◆ Your goal
In the listing below, find the line holding "Cascades Lake Towers - Residential" and the line holding "Classic swinguard - italian". Write out those two lines and all lines between, exactly, and nothing more.

◆ Available data
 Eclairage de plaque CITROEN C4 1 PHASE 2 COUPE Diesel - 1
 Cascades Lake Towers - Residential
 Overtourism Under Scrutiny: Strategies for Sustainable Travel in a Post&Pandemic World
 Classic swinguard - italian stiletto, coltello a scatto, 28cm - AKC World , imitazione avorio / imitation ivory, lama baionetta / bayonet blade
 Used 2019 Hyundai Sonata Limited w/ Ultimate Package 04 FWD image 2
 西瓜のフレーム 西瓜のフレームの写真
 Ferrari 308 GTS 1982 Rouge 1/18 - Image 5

...

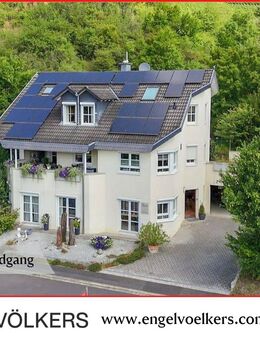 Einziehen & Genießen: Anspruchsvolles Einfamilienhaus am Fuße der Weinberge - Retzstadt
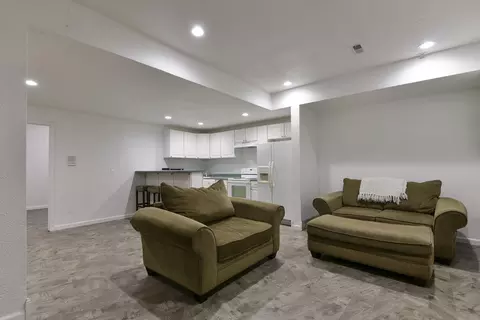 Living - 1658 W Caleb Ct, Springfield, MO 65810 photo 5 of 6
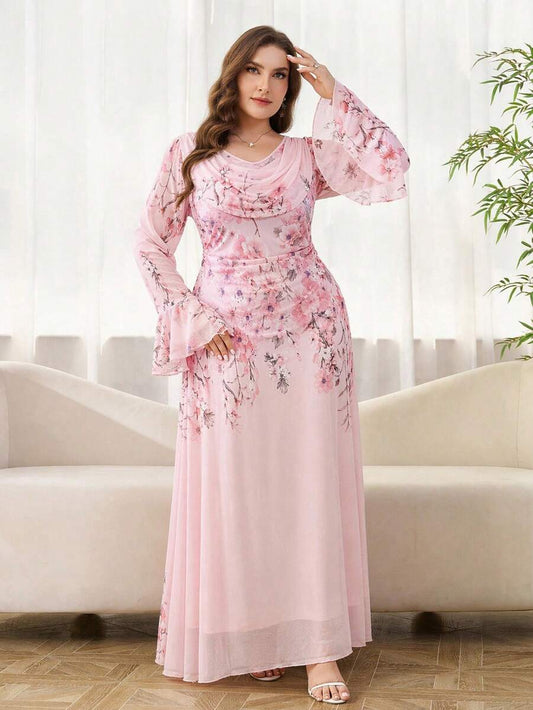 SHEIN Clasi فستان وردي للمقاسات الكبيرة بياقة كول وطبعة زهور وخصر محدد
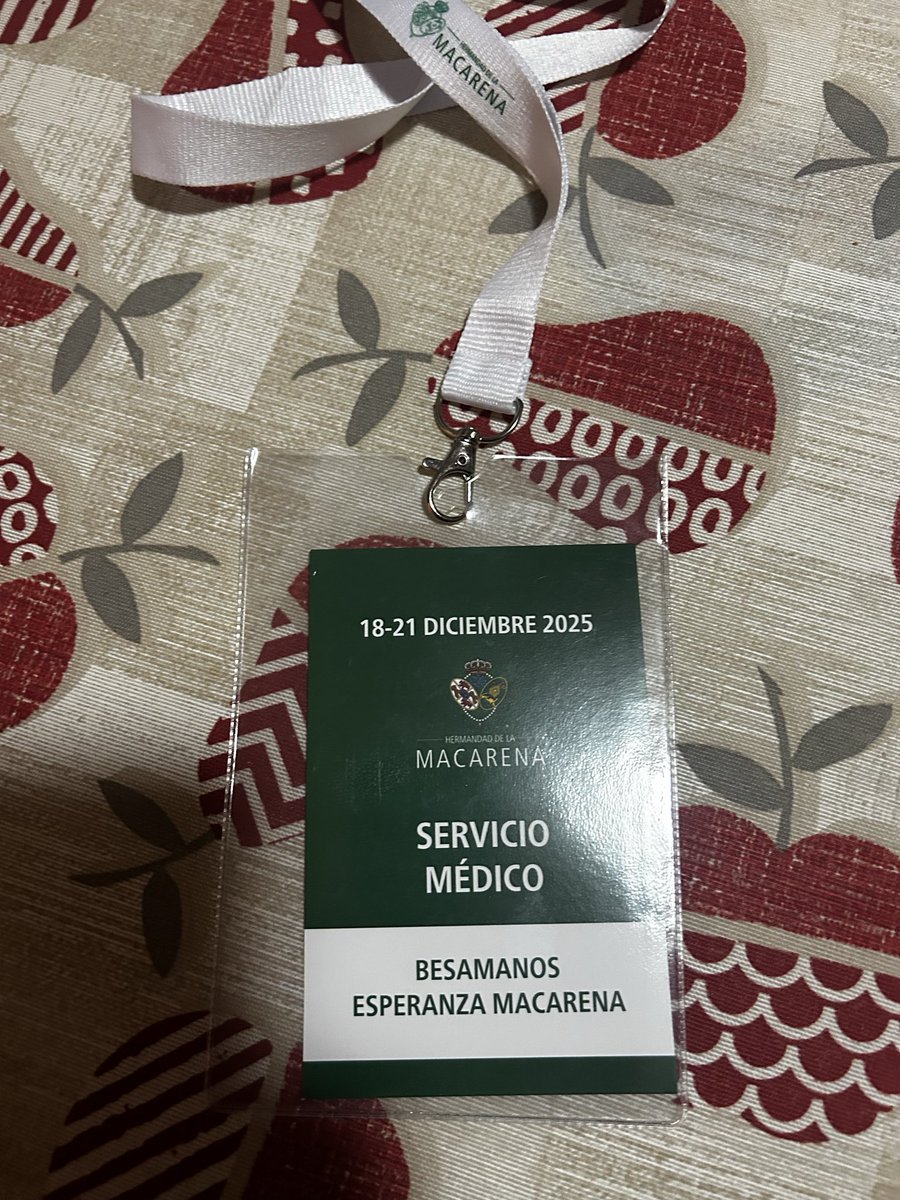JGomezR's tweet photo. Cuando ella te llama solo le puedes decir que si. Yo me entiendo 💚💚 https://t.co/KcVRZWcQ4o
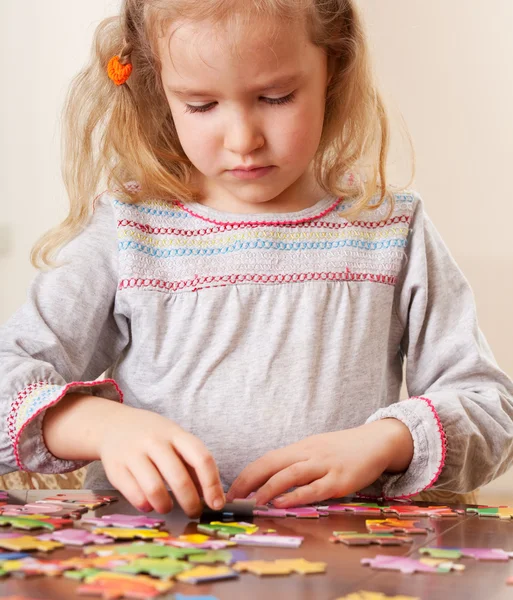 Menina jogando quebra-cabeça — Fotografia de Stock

◆ Solution to the exercise
 Cascades Lake Towers - Residential
 Overtourism Under Scrutiny: Strategies for Sustainable Travel in a Post&Pandemic World
 Classic swinguard - italian stiletto, coltello a scatto, 28cm - AKC World , imitazione avorio / imitation ivory, lama baionetta / bayonet blade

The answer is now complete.